For a film made by one of the world's most powerful money-making machines and based on a theme park, Disney's Tomorrowland somehow manages to be a wholehearted tale of optimism in a doom-obsessed society.
Director Brad Bird and his co-writer Damon Lindelof are hardly subtle in the handling of their theme of hope and a better future for us all, but given how utterly miserable the world can often seem, maybe a blunt-force effort to shake a little inspiration out of us should be given a bye.
I had high expectations for this in large part due to Bird (whose previous work includes The Incredibles and The Iron Giant) and George Clooney in one of his very few summer blockbuster roles.

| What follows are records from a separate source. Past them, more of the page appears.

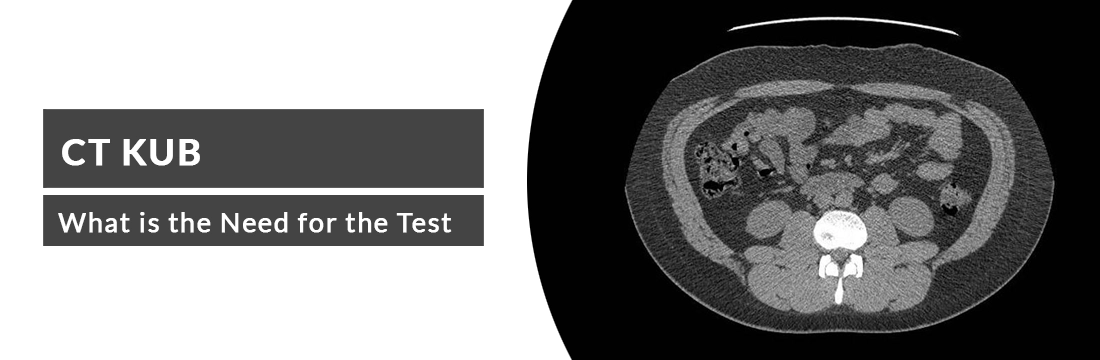 CT KUB: What is the Need for the Test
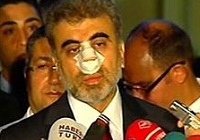 Bakan Yıldız sert konuştu !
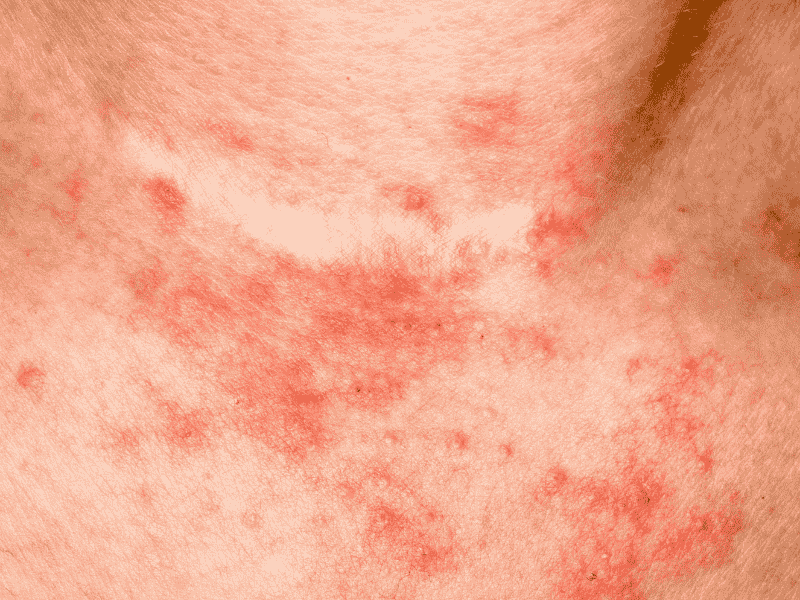 لکه های قرمز پوست
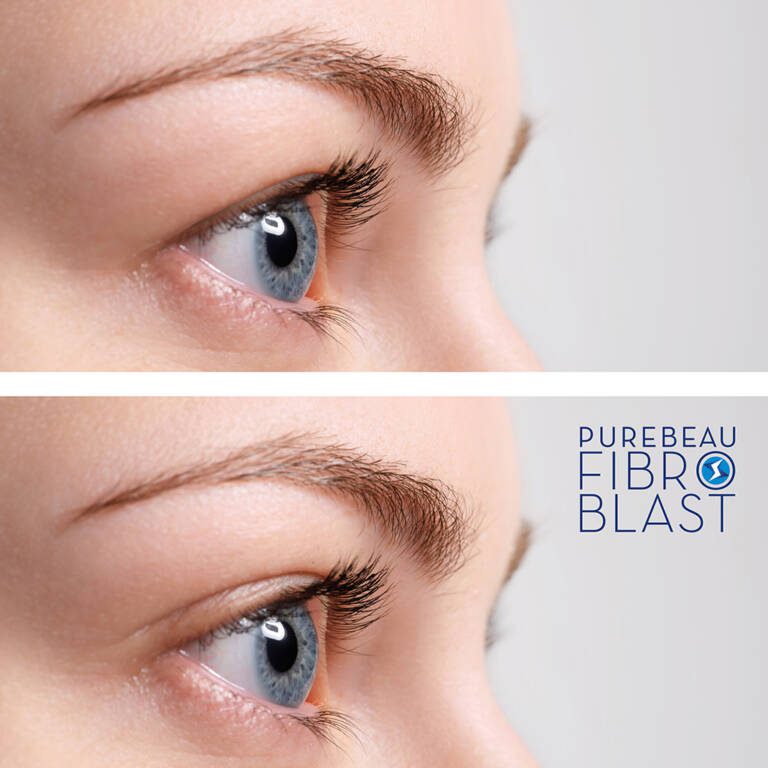 ricare-dettingen-fibroblast-vorher-nachher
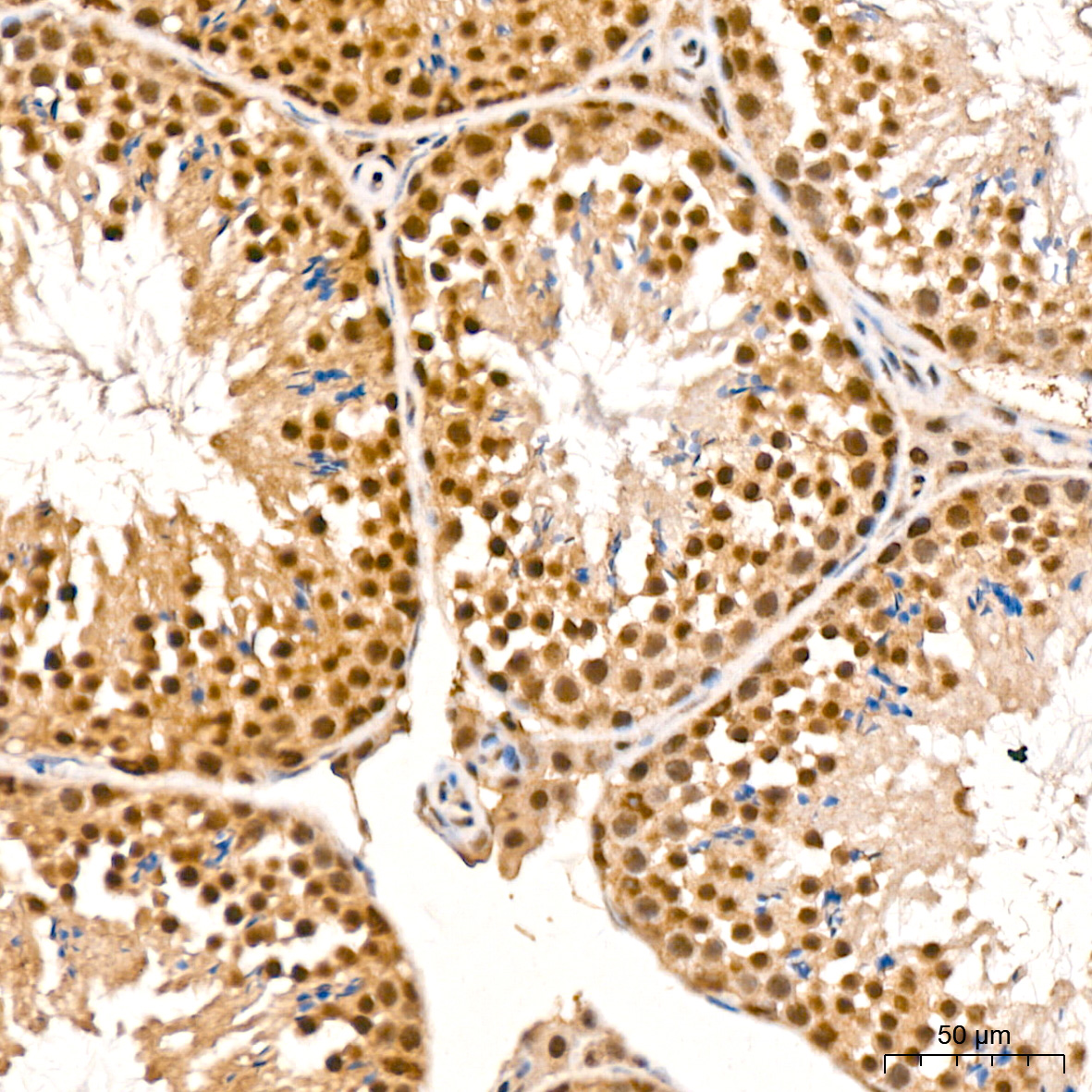 Pan-Akt Rabbit mAb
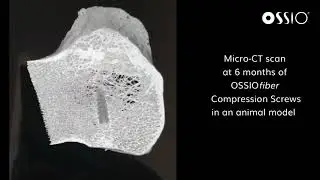 6 Month Micro-CT of OSSIOfiber Compression Screws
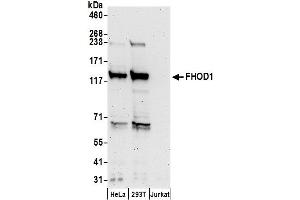 anti-Formin Homology 2 Domain Containing 1 (FHOD1) (AA 1050-1100) antibody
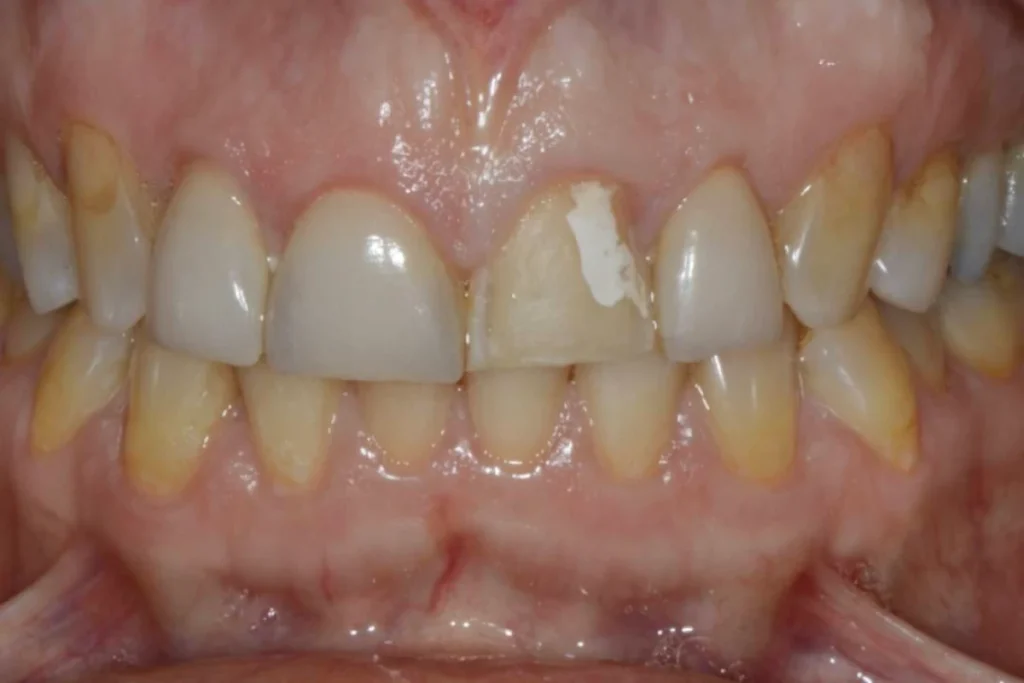 facettes dentaire paris 3 2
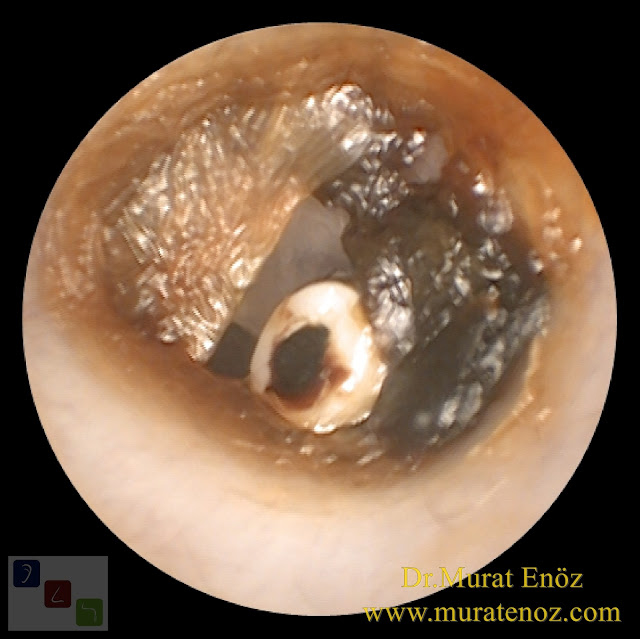 How does the ear tube fall out? - Some ear tubes can sponteously fall out? - What is an ear tube and what does it do? - Ensuring air transfer to the middle ear with ear tubes (ventilation) - When are ear tubes used? - How does the ear tube fall out? - If the ear tube fall out early ... - Symptoms of fall out early of ear ventilation tubes from eardrum - Does the ear tube cause pain as it falls? - What happens if the ear tube does not fall? - Damages of the ear tube - Ear tubes - Ear tube falls out - Ear tube removal - Ear ventilation tubes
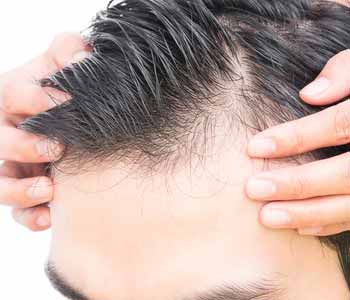 close up image of man's hair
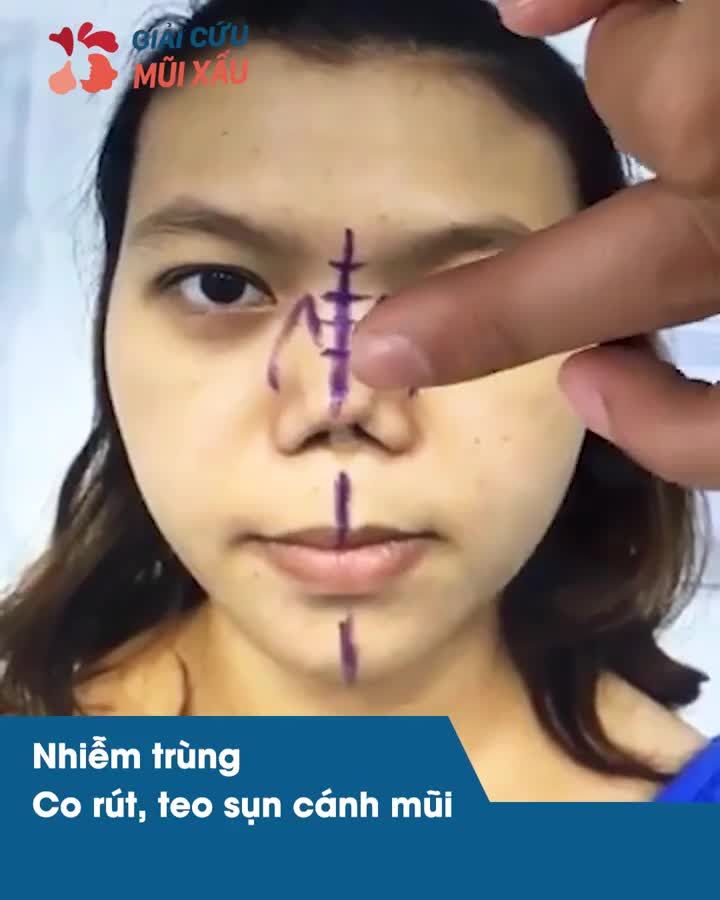 GIẢI CỨU MŨI XẤU - Sửa đúng chỗ - Kết quả tối ưu  Bác sĩ chuyên khoa sẵn sàng tư vấn cho từng chị em.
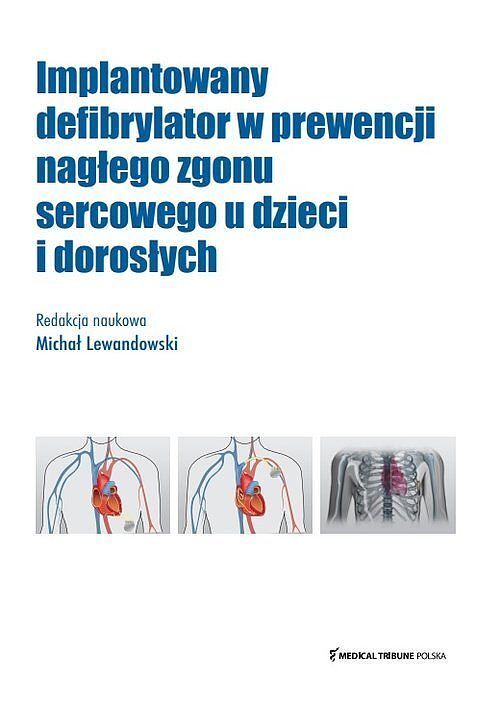 Implantowany defibrylator w prewencji nagłego zgonu sercowego u dzieci i dorosłych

What gave me cause for concern however was Lindelof, who has become known – through Prometheus and Lost – for stories that don't answer the questions they set up. My hope was that Bird would be able to drill any of this out of the script, and he duly has – offering a thematically tight film with satisfying and interesting answers.
In spite of tying all the threads together well, the final third still manages to fall flat thanks to a mix of bland action, drawn out exposition and Hugh Laurie's undercooked villain. It's a crying shame, because everything up until that point is pretty great, even bordering on fantastic.
We begin with Clooney's character Frank Walker – an inventor who as a child was led to a hidden dimension called Tomorrowland in which the world's best and brightest are free to create all manner of awe-inspiring technology. A sort of Mensa-verse.
Eventually exiled, Walker lives alone, gestating in his own broken dreams until a teenager called Casey Newton (Britt Robertson) arrives on his doorstep demanding answers. She too has glimpsed Tomorrowland, and learns that she might be the last chance to save it.
Both Clooney and Robertson are excellent, their chemistry proving instantly entertaining. Young British actress Raffey Cassidy - as the third of this heroic trio – is also great as the person orchestrating this final attempt to save the day.
Credit should be heaped on Lindelof and Bird for the characterisation of their leads, in particular Robertson's Casey - who is confident, self-motivated and not bogged-down by a romantic sub-plot that some other studios might have been insistent on. There a "love story" of sorts in the film, but it's unexpected, unique and handled deftly - a rarity in modern blockbusters.
The first hour and a half is raucously entertaining, highlighted by excursions into the titular futuristic cityscape and an Easter-egg laden action sequence in a toy shop. If instilling a sense of wonder was the aim, Bird certainly achieved his goal.
The irony is that the film's problems arise once the characters finally reach their destination. Not because what we see is any less impressive, but because the film stops asking questions and starts answering them – then rounds all that off with a climactic scene dreamt up long after the once-plentiful ideas-well has run dry.
What struck me in particular were the plot threads that were ignored, but which could have been further explored once Nix's plan is revealed. We hear that the treasures of Tomorrowland were once expected to be opened up to help the wider world, but it never happened and that's the last we hear of it.
Ripe fruit was right there to be picked but instead the villain's grand plan is tepid, and undermines the character Laurie tries hard to make work with the occasional flourish.
The message of Brad Bird's latest is admirable and delivered well – hoping to inspire young generations and shoot some life into the notion of optimism that cinema should really be all about. Any film that takes a crack at pessimism is worth paying attention to, and while it may stumble towards its conclusion, for the most part Tomorrowland is a hell of a ride.